Algorithmen und Diskriminierung: Maschinelle Sittenwächter

Plattformen wie Instagram und Tiktok löschen Fotos von dicken Menschen, die „zu viel“ nackte Haut zeigen. Das befeuert die Diskriminierung.

Eine schwergewichtige Person sitzt oberkörperfrei und mit einer Shorts bekleidet auf einem Stuhl und verdeckt die Brüste mit ihren Händen

Der Algorithmus sah beim Model Nicholas-Williams „zu viel Haut“ Foto: alex_cameron/instagram/Screenshot taz

Vergangenes Jahr veröffentlichte das Model Nyome Nicholas-Williams eine sinnliche Aufnahme: die Augen geschlossen, der Kopf in den Nacken gelegt, die Arme um die Brust verschlungen. Die UserIn­nen waren begeistert.

Doch Instagram gefiel diese Pose nicht: Das Netzwerk löschte dieses und weitere Fotos und drohte Nicholas-Williams mit der Schließung ihres Accounts. Der Grund: Ein Verstoß gegen die „Gemeinschaftsrichtlinien“. Darstellungen von Nacktheit sind auf der Fotoplattform nicht erwünscht.

Nicholas-Williams machte das wütend. „Jeden Tag findet man auf Instagram Millionen von Bildern sehr nackter, dürrer weißer Frauen. Aber eine dicke schwarze Frau, die ihren Körper feiert, wird verbannt? Es war schockierend für mich“, sagte sie. „Ich fühle mich, als wäre ich zum Schweigen gebracht worden.“

Ein Aufschrei ging durchs Netz. Unter dem Hashtag „#IwanttoseeNyome“ riefen NutzerInnen Instagram dazu auf, das Foto wieder zu zeigen. Von Zensur und Rassismus war die Rede. Instagram entschuldigte sich für den Vorfall und änderte daraufhin seine Richtlinien.
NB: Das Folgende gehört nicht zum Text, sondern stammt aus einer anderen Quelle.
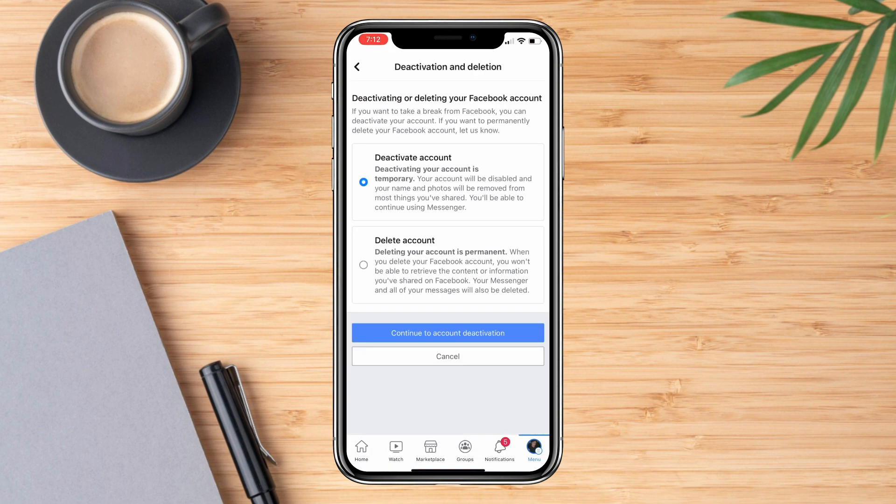It should show you two options to choose from, which is to deactivate or delete your account. In this case, we are choosing the delete account.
Erst der Algorithmus, dann ModeratorInnen

Bei der Moderation seiner Inhalte setzt Instagram – wie auch der Mutterkonzern Facebook und andere Plattformen – auf eine Mischung aus künstlicher und menschlicher Intelligenz. Zunächst filtern Algorithmen den gröbsten Müll, dann sieben ModeratorInnen den Rest aus.
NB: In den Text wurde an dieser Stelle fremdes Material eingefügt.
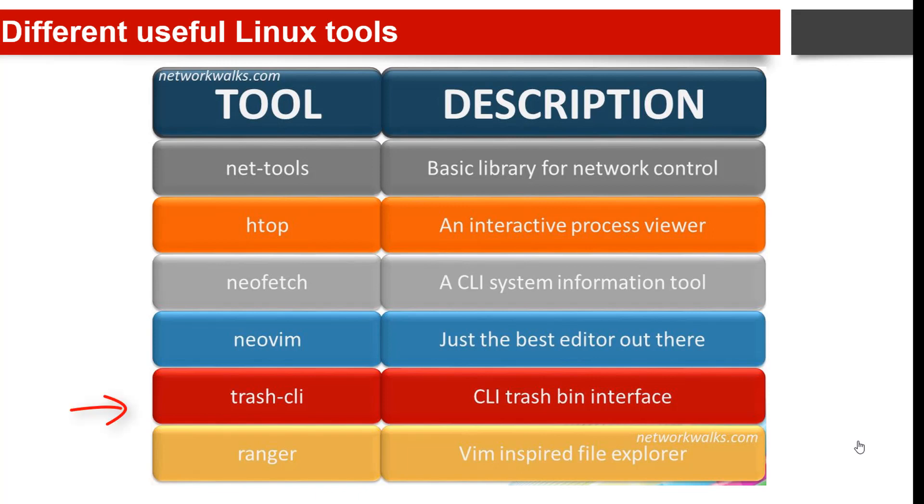The second last is trash-cli. It is a command line interface that trashes files and records the original absolute path, deletion date, and associated permissions. It uses the same trash can used by popular Linux desktop environments such as KDE and GNOME.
Zwar hat Facebook-Chef Mark Zuckerberg bei der Anhörung im US-Kongress 2018 vollmundig verkündet, ein KI-System könne problemlos Brustwarzen erkennen. Doch noch immer machen Computer haarsträubende Fehler. So wurden Zwiebeln als anstößig markiert, weil der Algorithmus die in einem Körbchen platzierten Knollen für die Rundungen eines Körperteils hielt.

Nach Angaben der Adult Performers Actors Guild, einer Gewerkschaft, die unter anderen SchauspielerInnen, Webcam-DarstellerInnen und StreamerIn­nen vertritt, meldet der Instagram-Algorithmus Fotos, auf denen über 60 Prozent Haut zu sehen ist – was in der Praxis dicke Menschen diskriminiert. Denn ein dicker Mensch hat eine größere Körperoberfläche als eine dünne Person und zeigt damit – bei gleicher Bekleidung – vergleichsweise mehr Haut. Die KI von Instagram hält das für obszön und schlägt Alarm.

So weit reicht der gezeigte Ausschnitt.